The stew looked great; it hadn’t ‘overbrowned’, or burnt, or dried out, which I was nervous could have happened with a new, untried, untested, slow cooker. I took it to the table, and while I was getting the sides to go with it, my daughter rushed in with the bad news: most of the stew was still pink!

Dear reader, this ranks as one of the most upsetting things you can tell a Shabbat hostess, particularly one that has serious neuroses about giving people food poisoning with raw meat…

The old me would have gone into panic mode instantaneously: how can I serve only salad and rice to teenage boys!?!?!? What a disaster. What an embarrassment. What a mess.

I had a couple of seconds of that, and then, my emuna kicked back in and I realized that G-d, in His wisdom, had arranged for my mince stew to be half raw, even though it had been cooking for more than 18 hours. OK, great. Even if I look like an incompetent hostess and a bad cook, so be it.

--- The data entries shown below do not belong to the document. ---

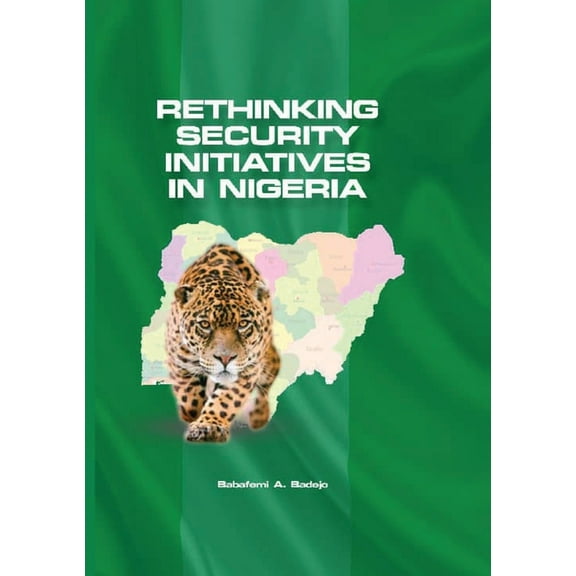 Rethinking Security Initiatives in Nigeria, (Paperback)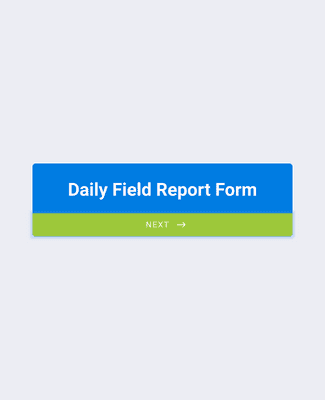 Form Templates: Daily Field Report Form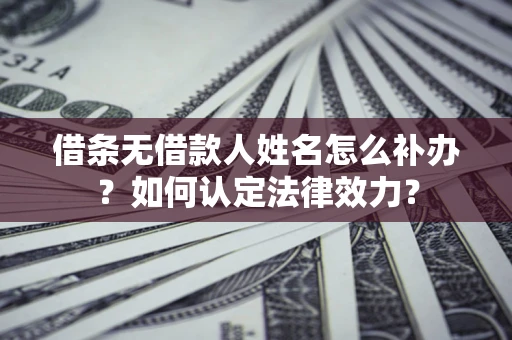 武汉借条无借款人姓名怎么补办？如何认定法律效力？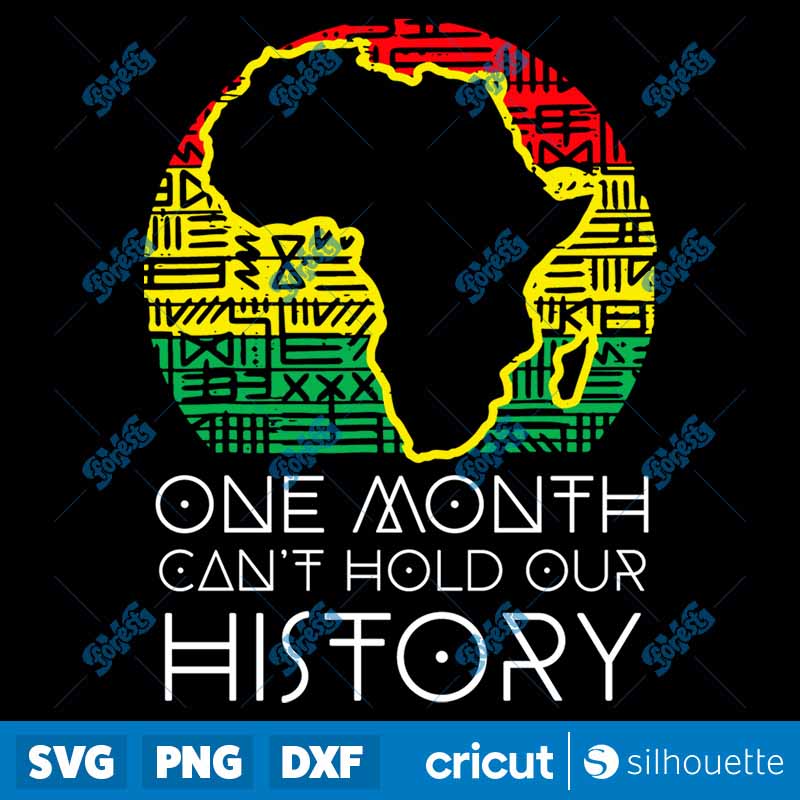 One Month Can't Hold Our
History SVG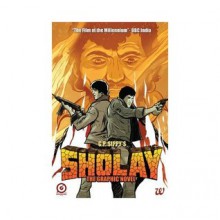 Sholay : The Graphic Novel - Sascha Sippy, Sharad Devarajan, Ashwin Pande, Edison George, Aditya Bidikar, S. Sundarakannan, Jeevan J. Kang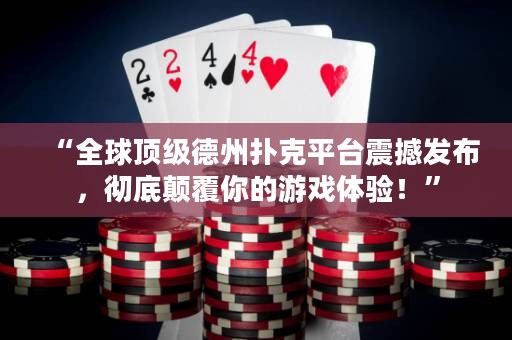 “全球顶级德州扑克平台震撼发布，彻底颠覆你的游戏体验！”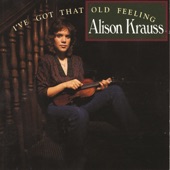 Alison Krauss - (1)  I've Got That Old Feeling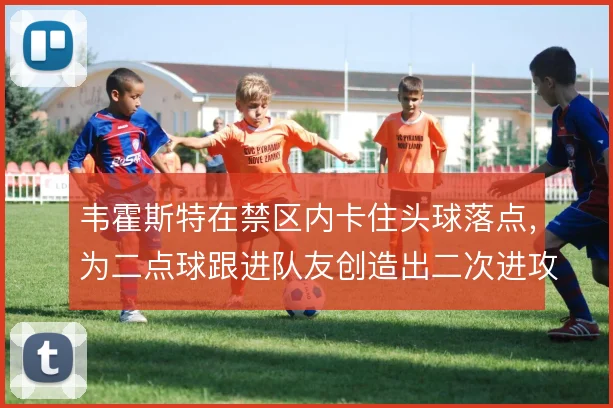 韦霍斯特在禁区内卡住头球落点，为二点球跟进队友创造出二次进攻空间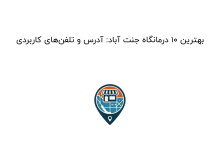 بهترین ۱۰ درمانگاه جنت آباد: آدرس و تلفنهای کاربردی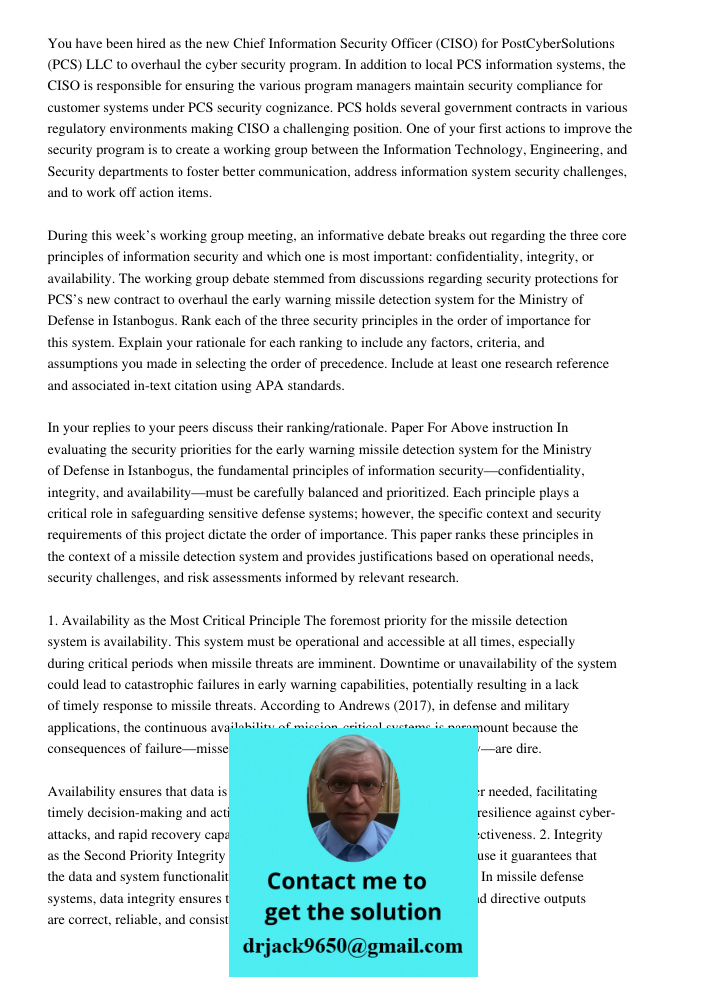 You have been hired as the new Chief Information Security Officer (CISO) for PostCyberSolutions (PCS) LLC to overhaul the cyber security program. In addition to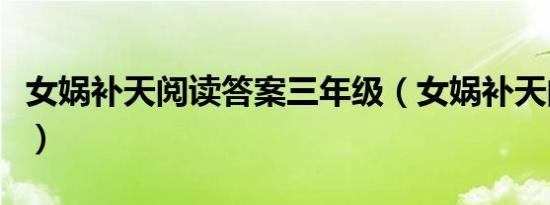 女娲补天阅读答案三年级（女娲补天阅读答案）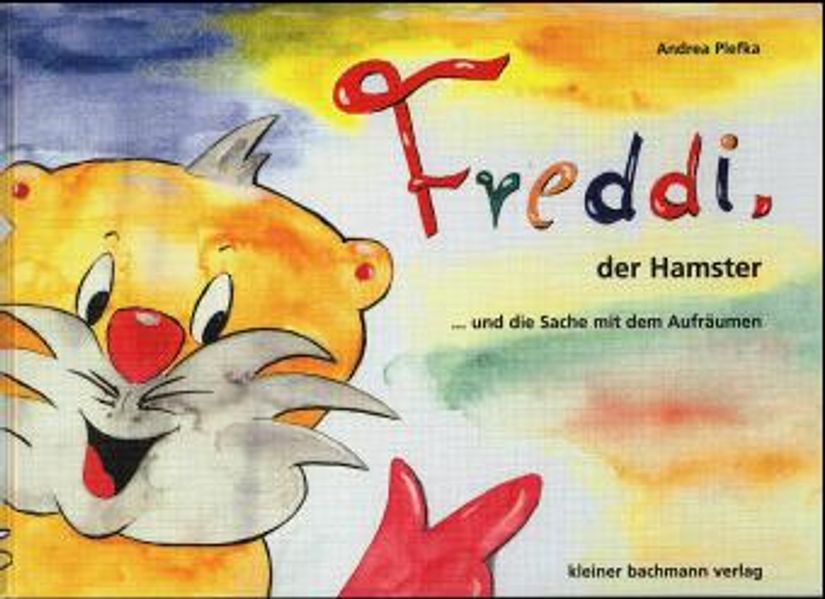 Cover von Freddi der Hamster… und die Sache mit dem Aufräumen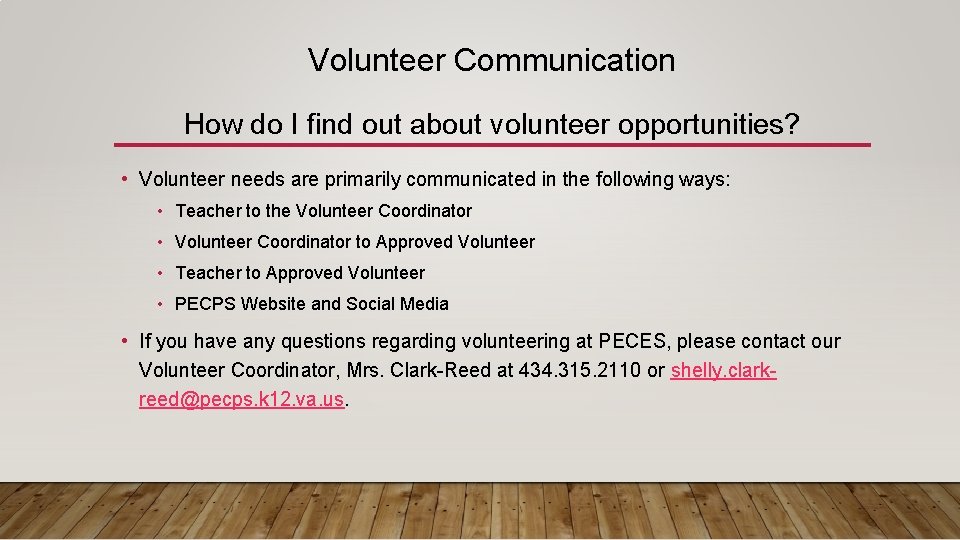 Volunteer Communication How do I find out about volunteer opportunities? • Volunteer needs are
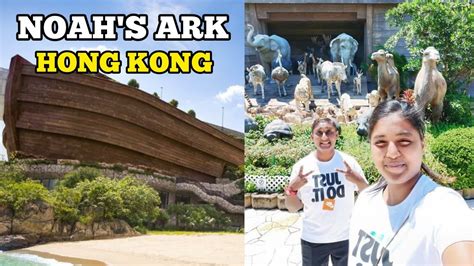 Noah S Ark Hong Kong Ma Wan Island Hong Kong Travel Vlog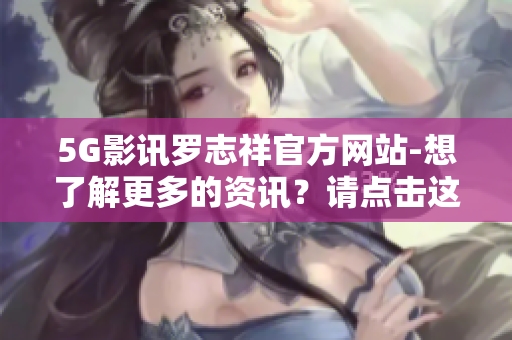 5G影讯罗志祥官方网站-想了解更多的资讯？请点击这里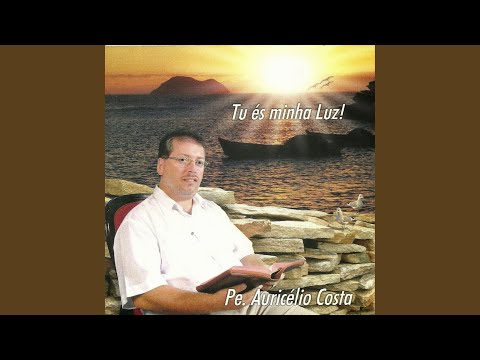Amar, Primeira Vocação - Padre Auricélio
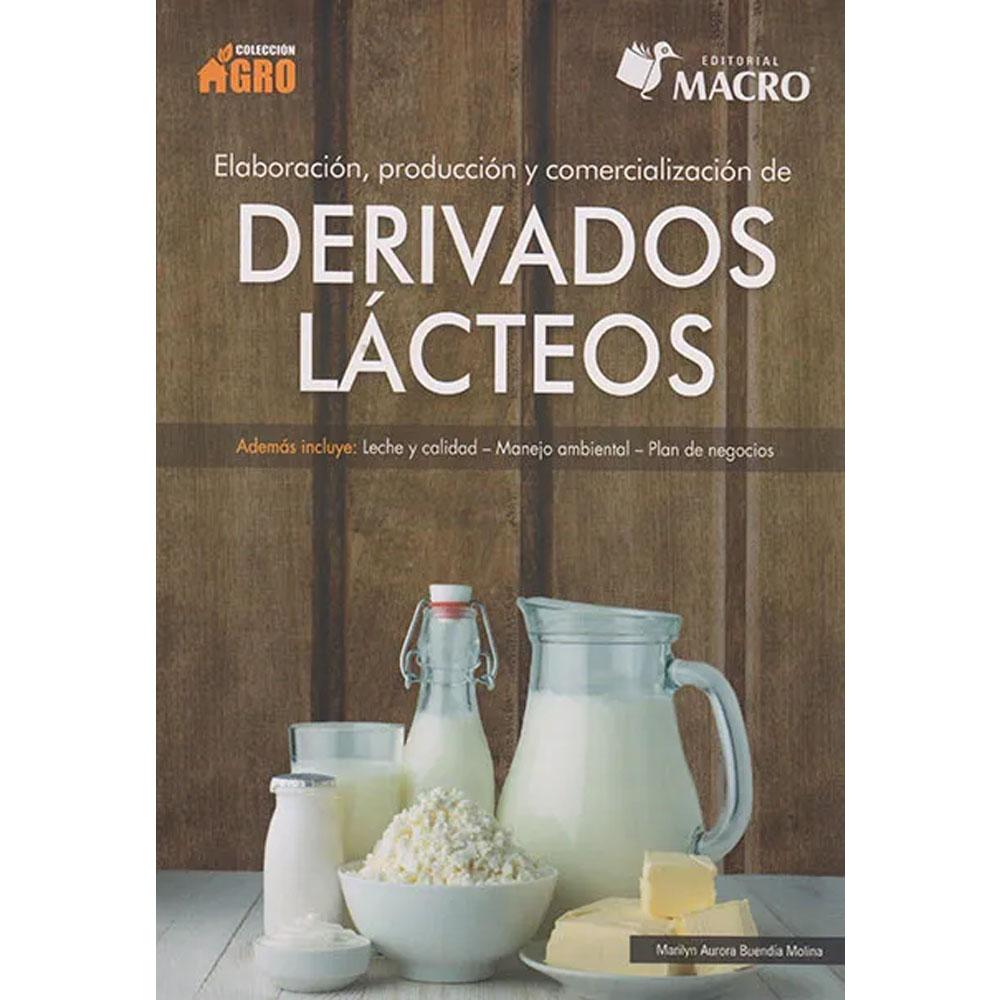 Elaboración, producción y comercialización de derivados lácteos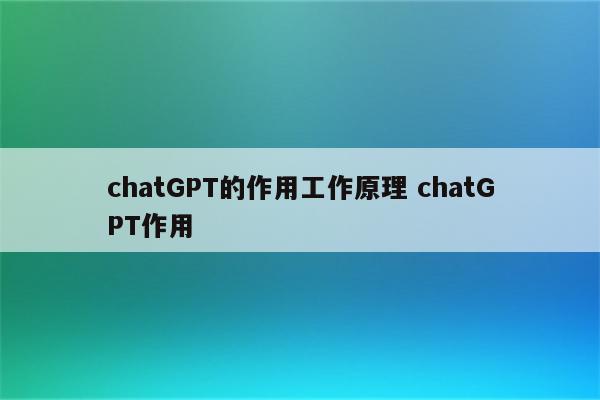 chatGPT的作用工作原理 chatGPT作用
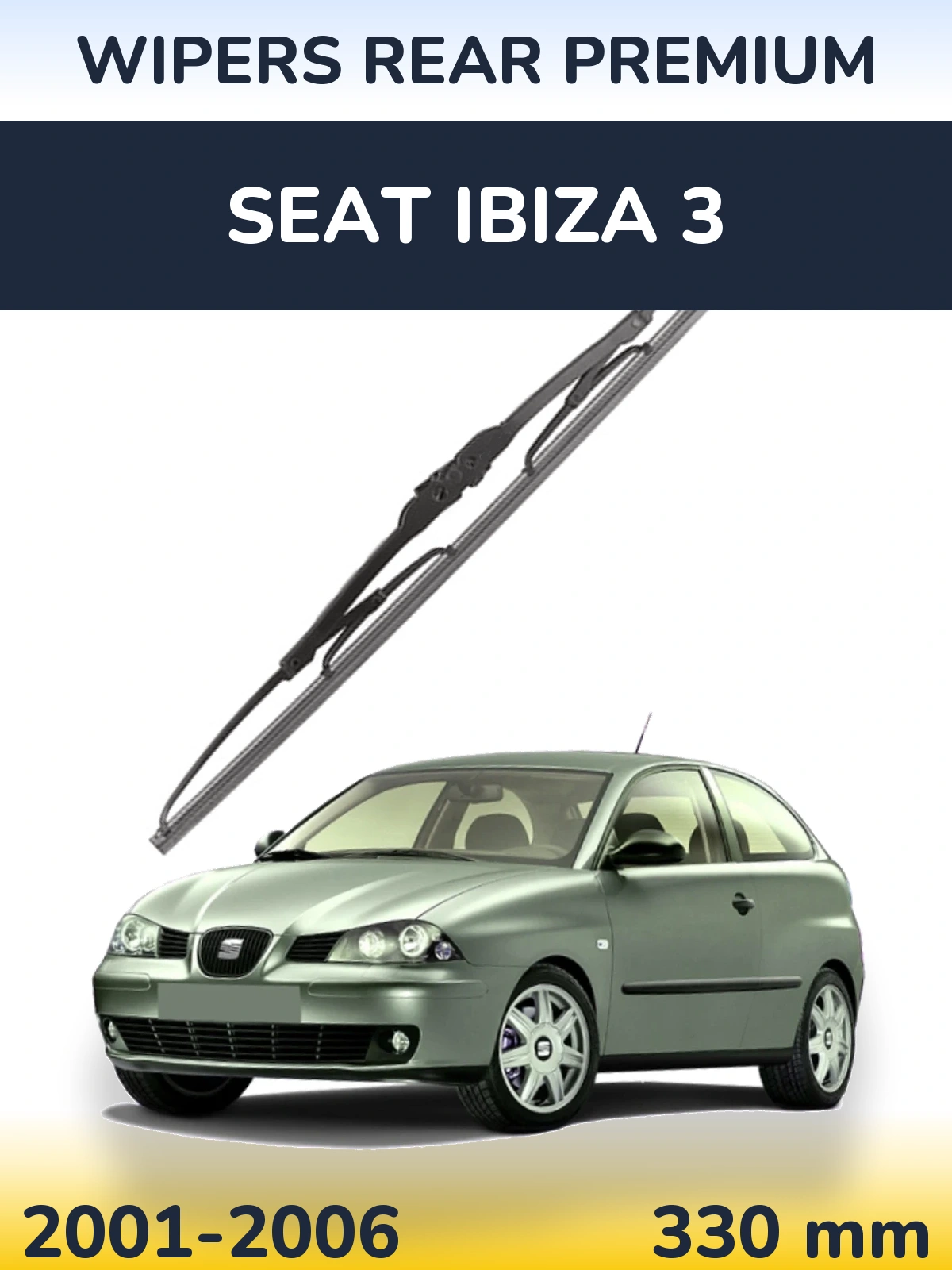 Задня щітка WIPERS REAR PREMIUM 330 мм для SEAT Ibiza 3 2001-2006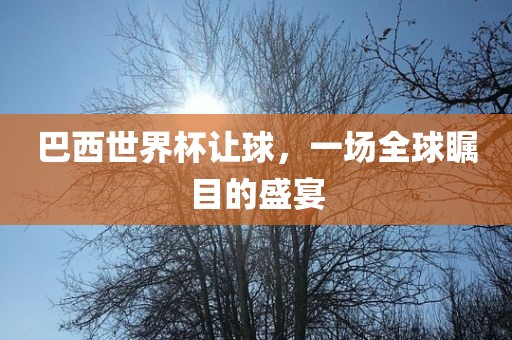 巴西世界杯让球，一场全球瞩目的盛宴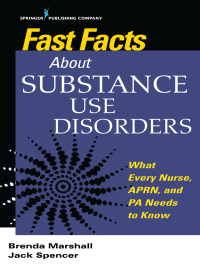 Cover image: Fast Facts About Substance Use Disorders 1st edition 9780826161222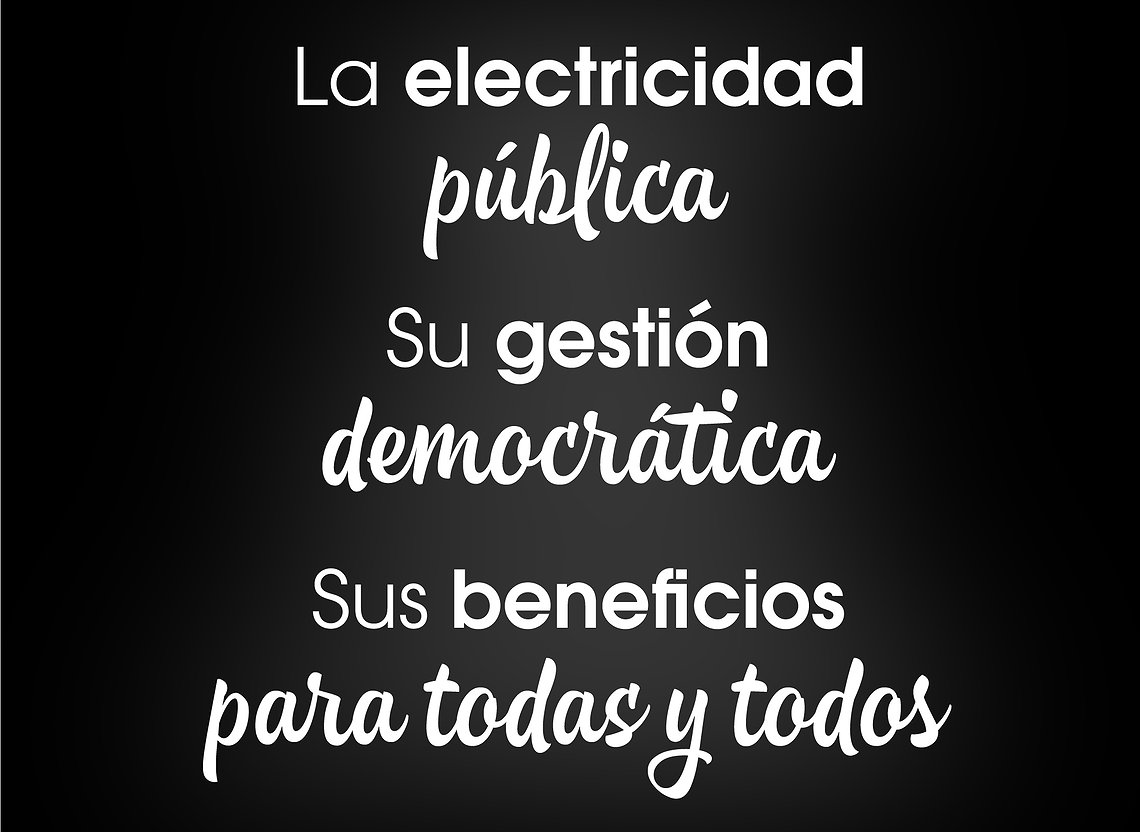 La electricidad, pública, su gestión democrática, sus beneficios para todas y todos.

Lunch turned out really great – the conversation part, at least. The teenagers were all relaxed and chatty, the parents felt so bad for me, they ate double helpings of everything else, just to make me feel better. In short, I could see that serving up dodgy food had not been the terrible disaster I’d always feared it would be. That was one more ‘worry’ I didn’t have any more.

(As a side note, I nuked the stew on full power for two hours after Shabbat was out, and it still stayed pink-looking. My brave husband ate it for Melave Malka – after all, it had now been cooking for 27 hours solid – and Baruch Hashem, he lived to tell the tale.)

The next ‘little’ test happened Monday morning, when I was preparing my weekly emuna class. Last year, no-one turned up for a class that I’d put a lot of effort into, because there was a brit milah (circumcision) that no-one told me about. It took me a good week, and a lot of soul-searching to get over that experience, and to realize that the point was to teach Torah for Hashem, and not just to give myself an ego boost by having a big attendance (or any attendance…)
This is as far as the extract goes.